Why use Kruskal-Wallis?


I am putting together a course on inference techniques to use when the predictor
variable(s) are categorical (ie. have no meaningful order). I am wondering if
the Kruskal-Wallis test is still relevant given modern software.

My understanding of K-W is that it is a nonparametric version of 1-way ANOVA that
compares the median of several populations by doing inference on ranks.

My question stems from the facts:
1) ANOVA is known to be quite a robust test. The "rule of thumb" I have seen mentioned is that it is generally okay so long as the largest standard deviation is
not more than twice the smallest standard deviation.
2) Kruskal-Wallis assumes that the various populations have the same shape pdf,
with only the median varying. In particular, it is also sensitive to situations in
which there is a large difference in standard deviations among samples.

Of course, I can imagine situations where there are several populations that
really do have similarly shaped, but non-normal, distributions (which also
cannot be transformed to normal) and differ only in the median, but it seems
that often, when data fails to satisfy the ANOVA conditions, it also doesn't really
satisfy the Kruskal-Wallis assumptions.

It seems like in these situations, probably best practice would be to use some sort
of bootstrapping technique. I don't plan to teach this in my module, but I also want
to be able to mention this if it is true.

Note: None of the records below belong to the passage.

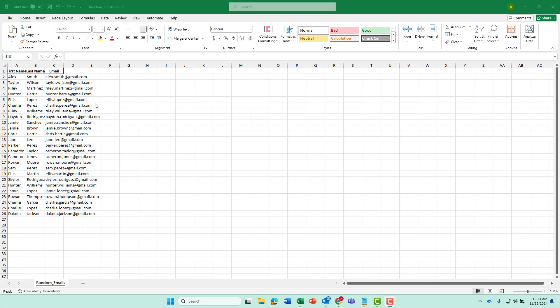So this is just a ChatGPT generated list of fake emails. I tried this earlier with test.com but it was rejected by MailChimp. It knew they were fake so I just changed these to Gmail. So we'll try that.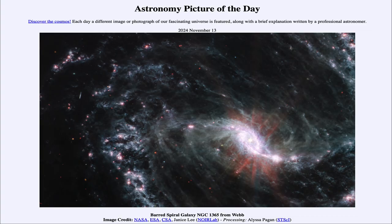Greetings and welcome to the Astronomy Picture of the Day podcast. Today's picture for November 13th of 2024 is titled Barred Galaxy NGC 1365 from Webb.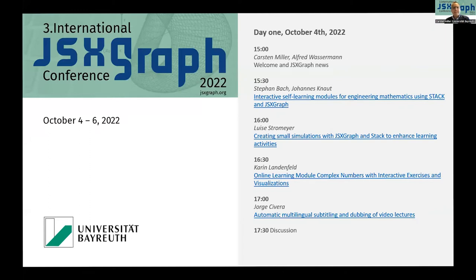We also activated the chat function for this Zoom meeting. So if you have questions, just use the chat to ask them and each speaker can answer after his talk. If you have additional questions, as last year, we have options available for that as well.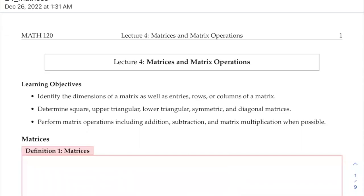Hello everyone. So this is lecture four. In this lecture, we're going to formally define matrices and the basics of matrices, as well as learn some matrix operations. We're going to perform matrix operations including addition, subtraction, matrix multiplications, and scalar multiplications.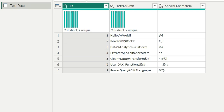Hi everyone, welcome back to my channel. In this video, I'm going to discuss a Power BI interview question that was asked at Microsoft. I got this question from one of my LinkedIn connections and thought to create a video on it.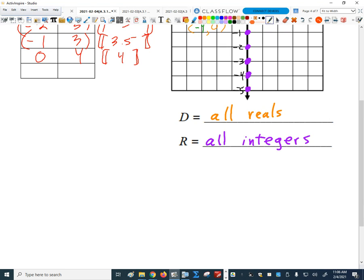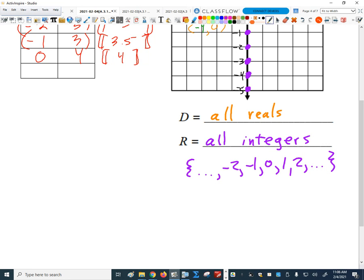Or if we wanted to write that as a discrete set, we could write it like this with dot-dot-dot on each end. That's called an ellipsis — it just continues forever to the left and the right with that pattern. Everybody good with that? Give me one to five — does that make sense?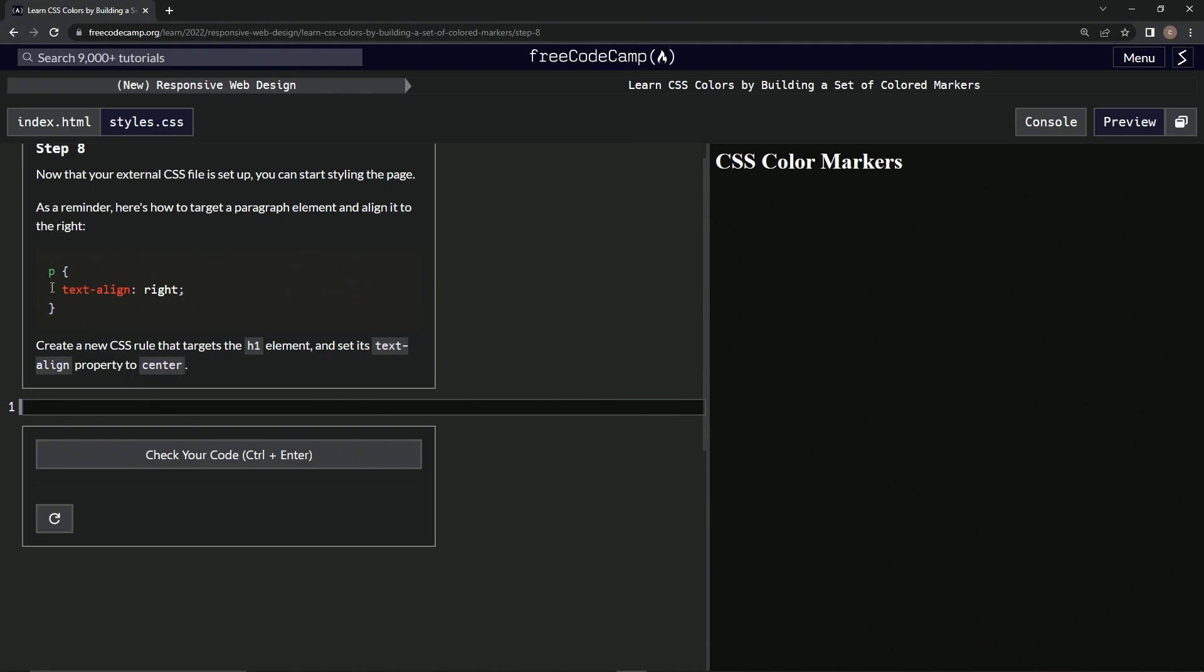All right, cool. So we're just going to make a... what do they call it? Target? Anyway, whatever. We're just going to do this but for H1.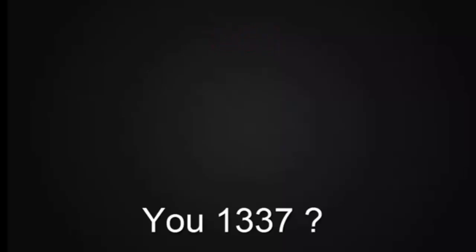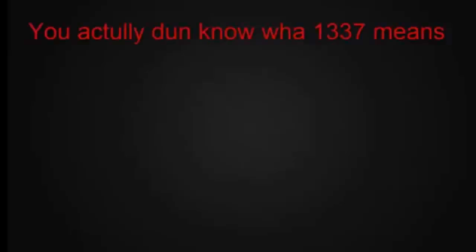1337, you 1337? Yeah! Oh shame if you don't know what that means. No, you shame! You shame to our culture. Hello, you actually don't know what 1337 means, right? You don't know what I mean, right?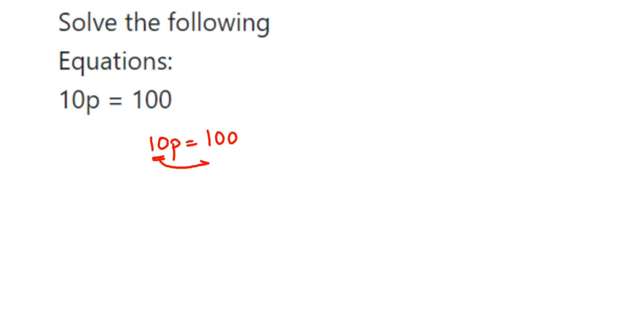So p will be equal to 100 divided by 10. Cancel this - in 10 table, 10 ones are 10, 10 tens are 100. So therefore we got the p value which is equal to 10.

I suspect that K-W is perhaps useful in situations where the data is ranked, but
there is not any way to compare differences of ranks, so it is useful because it
does not require making any assumptions about these. However, it still seems
likely that a bootstrapping technique would be better, especially if the
spreads of the various datasets are very different.



any assumptions


Cookie Scientist
I agree, pretty much any situation where Krusal-Wallis might be of use would be better served by a nonparametric bootstrap.

I also note that that Kruskal-Wallis attempts to correct for violations of normality, not for violations of constant variance. Many people seem to think it "fixes everything" but this is simply not true.


No cake for spunky
The 99.95 percent of the population who don't know how to do bootstraping are forced to find alternatives - which is why non-parametrics are used :p
There are strong disagreements whether ANOVA actually is robust (although that is the common wisdom). In particular some argue that heavy tailed distributions can badly distort ANOVA regardless of sample size.
Those are both very helpful. My students, in particular, will fit into that 99.95% of the population who don't know how to
use bootstrapping :) Still, I want them to be aware that better methods exist at a more advanced level.
Also thanks for the note on ANOVA. Do you have a reference for this?


No cake for spunky
I don't have the cite unfortunately. It was written by a Stanford professor (its a book) which I read about 7 years ago. It dealt extensively with limits on ANOVA and recommended strongly bootstraping to address them. I will try to locate it, but its buried admidst tons of other books somewhere. :(


Super Moderator
You're leaving out the important issue of power. That is, the K-W test can be substantially more powerful than the usual parametric ANOVA analysis when the data are skewed and/or heavy-tailed. Studies abound demonstrating this fact.
Excellent, yes that is also helpful. I see the PASS software has power analysis for K-W, but I unfortunately don't
have access to that. I have looked for power calculations for K-W in R using Google, but haven't found anything.
Is there a package that does nonparametric power calculations in R? Also, is there a good place to read about them?
I understand the concept for parametric tests, but I have to confess, I don't really even know how you go about doing
a power test for a nonparametric procedure in principle. I have also just googled "Kruskal-Wallis vs ANOVA power" and
indeed gotten many hits. Any recommendations of a particularly good one to look at?


Super Moderator
Ah, yes, one of those :)
Well, if you manage to excavate it, please let me know!

Have a look at this study. Scroll down to page 205 and see point #4 in their conclusion. They are making the same point that's already known (it's the first time I've seen this study).


Also, you may want to consider the Asymptotic Relative Efficiency (or Pittman Efficiency) of the K-W test to the parametric ANOVA. This establishes the power advantage of the K-W analytically. For example, when sampling from a Double Exponential distribution the K-W test is 1.5 times more powerful than the F-test. When sampling from an Exponential distribution the K-W test is 3.0 times more powerful than the ANOVA F -test. For more on this see Conover (1999, p. 297). Practical Nonparametric Statistics (3rd).


No cake for spunky
I looked at gpower (the one most recommended for power analysis at my program) and while it will calculate power for Wilcoxxon I don't see one for KW.